De Joseph Mallord William Turner, il y a fort à parier que quelques hurluberlus intéressés par l’art mais ignorants de la chose (artistique, notamment, mais pas que, on sait se tenir) ne connaissent que le verdict rollinien frappant un tableau du zozo : “Je le trouve très bien peint, ce truc-là.” Or, précisément, l’essentiel de l’œuvre présenté(e) au fabuleux musée Jacquemart-André, n’est pas du tout très bien peinte.

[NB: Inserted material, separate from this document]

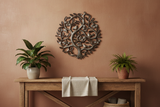 Haitian Tree of Life round metal wall art mounted above a rustic wooden console in a warm-toned living room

  • D’abord parce qu’il s’agit essentiellement d’aquarelles issues des collections de la Tate et, à notre niveau d’ignorance, nous avons décidé que l’on ne peint point une aquarelle, on l’aquarelle, na ;
  • ensuite parce que le parcours chronologique proposé remet en cause l’unicité du “très bien”, en fonction de l’évolution de l’artiste ;
  • enfin parce que cette notion du “très bien” s’efface sous deux autres angles : l’esquisse et l’ébauche.

L’esquisse désigne le rendu d’une impression sur le vif ; l’ébauche désigne la préparation d’une œuvre plus aboutie. La différence ? L’esquisse revendique l’immédiateté ; l’ébauche, la diachronicité (ce croquis en appelle un autre, plus abouti). L’esquisse évoque un moment happé par l’artiste, dans une optique quasi mémorielle même si elle peut inspirer ultérieurement à une œuvre ; l’ébauche signale une étape dans un travail qui vise à un aboutissement ultérieur sur les bases ainsi jetées. Les deux ne sont pas contradictoires entre elles (l’esquisse peut être une pré-ébauche), mais elles ne sont jamais, par définition, très bien peintes.
“Turner, c’est pas toujours très bien peint” sera donc la problématique de notre compte-rendu en huit points.

Turner, Château de Kilgarenn (huile sur toile, 1799). Photo : Rozenn Douerin.

1. L’esquive, sublimation de l’académisme

Entre esquisse et ébauche, parlons plutôt d’esquive. En effet, l’exposition montre d’emblée que cette esquive s’articule autour de trois axes complémentaires :

  • l’architecture insaisissable car trop grande,
  • le sfumato donnant de la profondeur, façon Renaissance, et
  • la brume brouillardeuse bien anglaise.

Le monde selon le premier Turner n’est ni une architecture, ni un paysage, pas plus qu’il ne sera plus tard une mythologie : il est d’abord une mise à distance, un pas de côté d’autant plus qu’il est à la fois saisissable et insaisissable. Pour le visiteur ignorant des Beaux-Arts que nous sommes, il semble que la peinture joue sur le jeu, si si, entre

  • l’effet de réel (je reconnais les trucs qui sont représentés) et
  • l’irréalité (l’art les décale, les déréalise, les absente à eux-mêmes, et hop).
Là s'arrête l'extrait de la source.